RECORD EXTRACTS:
---------------
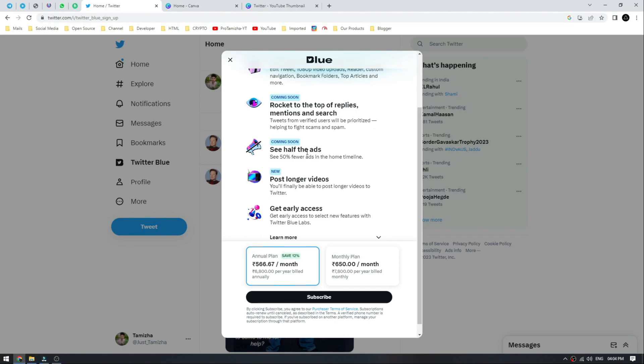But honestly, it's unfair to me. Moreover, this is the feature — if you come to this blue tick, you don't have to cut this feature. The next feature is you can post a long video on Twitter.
---------------
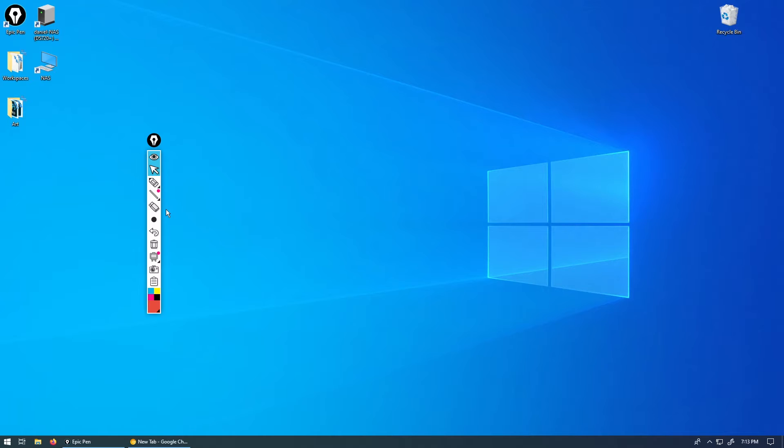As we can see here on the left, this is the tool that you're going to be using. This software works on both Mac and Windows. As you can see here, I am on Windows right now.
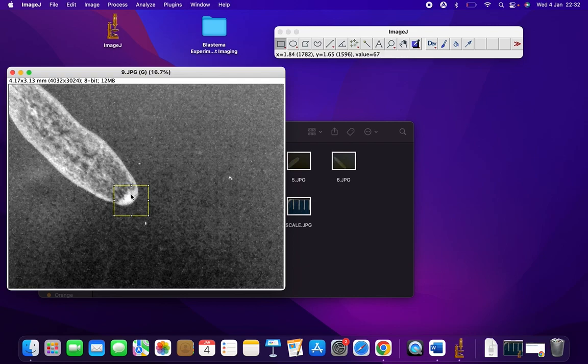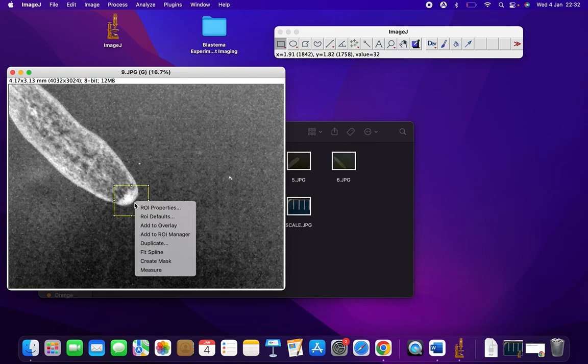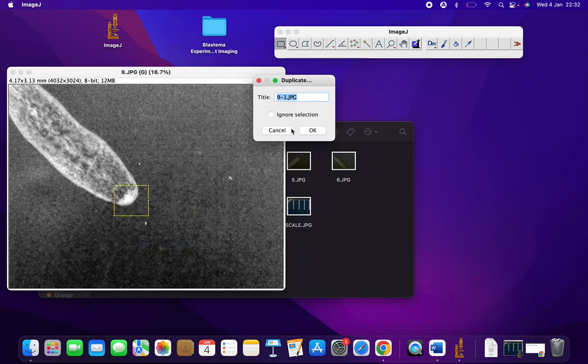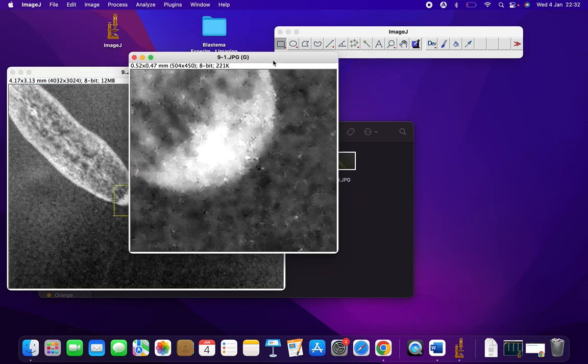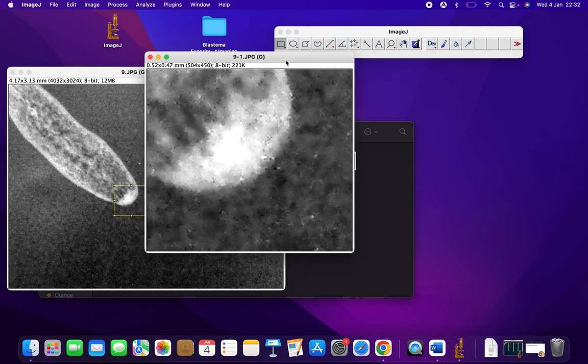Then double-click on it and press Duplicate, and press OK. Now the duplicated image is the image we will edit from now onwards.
---------------
REQUIRED ACTION:
In the records above, find the line with "As we can see" and the line with "Then double-click on", then restate word for word only those two lines and all lines between, omitting pictures.

OUTPUT OF THE TASK:
As we can see here on the left, this is the tool that you're going to be using. This software works on both Mac and Windows. As you can see here, I am on Windows right now.
Then double-click on it and press Duplicate, and press OK. Now the duplicated image is the image we will edit from now onwards.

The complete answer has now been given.